Previously published on June 16, 2025 in
The ‘LinkedIn Run Club’: Industry Execs Adopt Influencer Tactics to Humanize Firms
Jon Gray is sweaty, panting, and red in the face. Still, the president and chief operating officer of Blackstone holds up his phone as he jogs through the streets of Montreal, Canada. “Has America lost its exceptionalism?” he puffs into the camera. “I don’t think so.”
There was a time when executives in the buttoned-up world of asset management may have balked at documenting their morning exercise routine for social media, as Gray does for his regular posts on LinkedIn.

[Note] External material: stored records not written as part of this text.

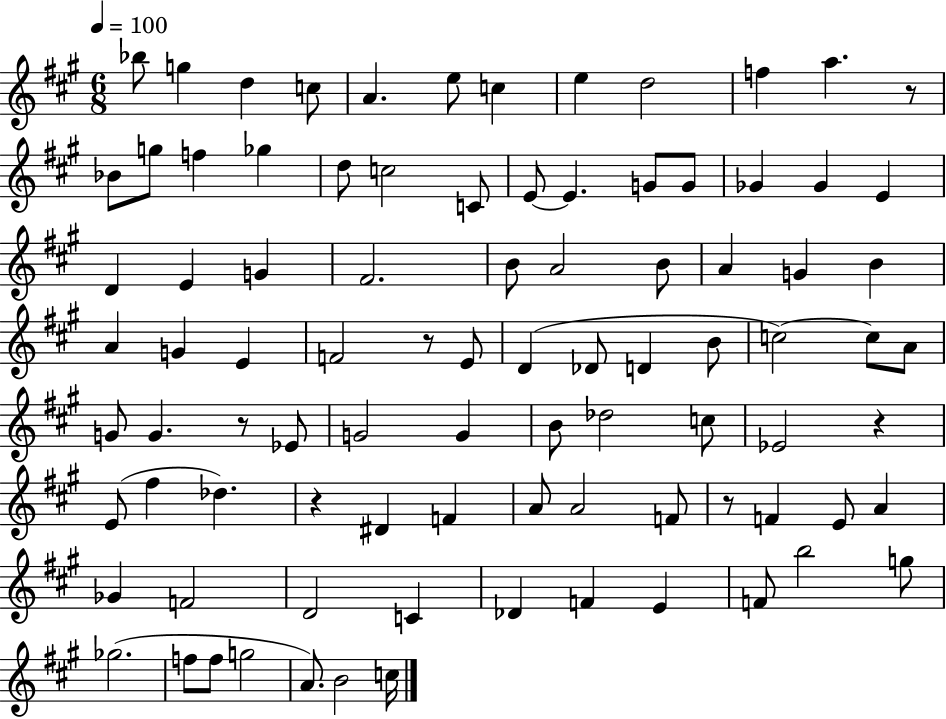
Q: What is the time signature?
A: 6/8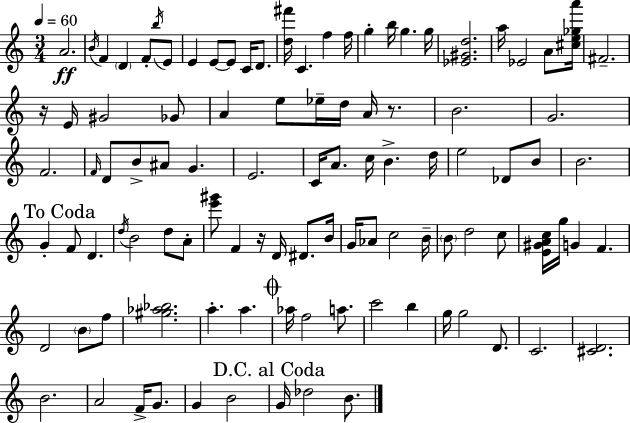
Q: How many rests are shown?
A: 3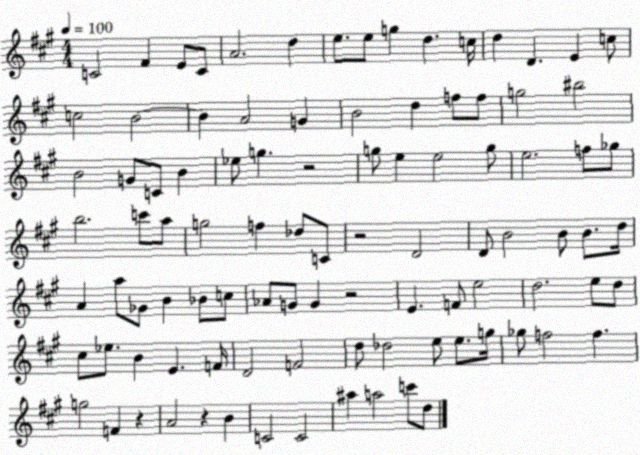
X:1
T:Untitled
M:4/4
L:1/4
K:A
C2 ^F E/2 C/2 A2 d e/2 e/2 g d c/4 d D E c/2 c2 B2 B A2 G B2 d f/2 f/2 g2 ^b2 B2 G/2 C/2 B _e/2 g z2 g/2 e e2 g/2 e2 f/2 _g/2 b2 c'/2 a/2 g2 f _d/2 C/2 z2 D2 D/2 B2 B/2 B/2 d/4 A a/2 _G/2 B _B/2 c/2 _A/2 G/2 G z2 E F/2 e2 d2 e/2 d/2 ^c/2 _e/2 B E F/4 D2 F2 d/2 _d2 e/2 e/2 g/4 _g/2 f2 f g2 F z A2 z B C2 C2 ^a a2 c'/2 d/2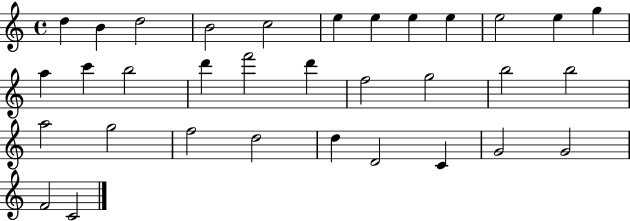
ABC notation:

X:1
T:Untitled
M:4/4
L:1/4
K:C
d B d2 B2 c2 e e e e e2 e g a c' b2 d' f'2 d' f2 g2 b2 b2 a2 g2 f2 d2 d D2 C G2 G2 F2 C2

But a growing number of industry leaders are taking inspiration from financial influencers – or “finfluencers” – and blending market commentary with chatty updates about their lives, in an effort to build trust with institutional and wealth audiences and other stakeholders.
Gray was initially reluctant to engage with social media, he told FundFire, but the firm’s global head of corporate affairs “pushed” him to use LinkedIn at the start of last year. His first posts weren’t “that exciting,” Gray said, but then, inspired by videos he sends to his daughters, he filmed himself jogging past the Sydney Opera House in Australia.
That post “sort of went viral,” he said. “I was like, ‘OK, if that works there, let’s try it in Tokyo and Bentonville, Arkansas, and London and Paris and all over.'”
Gray’s set-up is low tech; most of the time, he films solo with his iPhone.
Yet the format has proven to be an “incredibly effective means of connecting with other people and telling our Blackstone story and… humanizing what we do,” he said.
Executives have begun to share more of their personalities in a bid to humanize their brands and connect directly with their stakeholders, said Eric Hazard, a managing director at communications consultant Vested. “It’s a big shift, and it’s happened pretty rapidly.”
One of the advantages of LinkedIn is that executives can control their message “100%” of the time, he noted.
Over the next five years, Hazard believes industry executives will increasingly resemble finfluencers – though they will be sharing financial content “from a position of authority,” he added.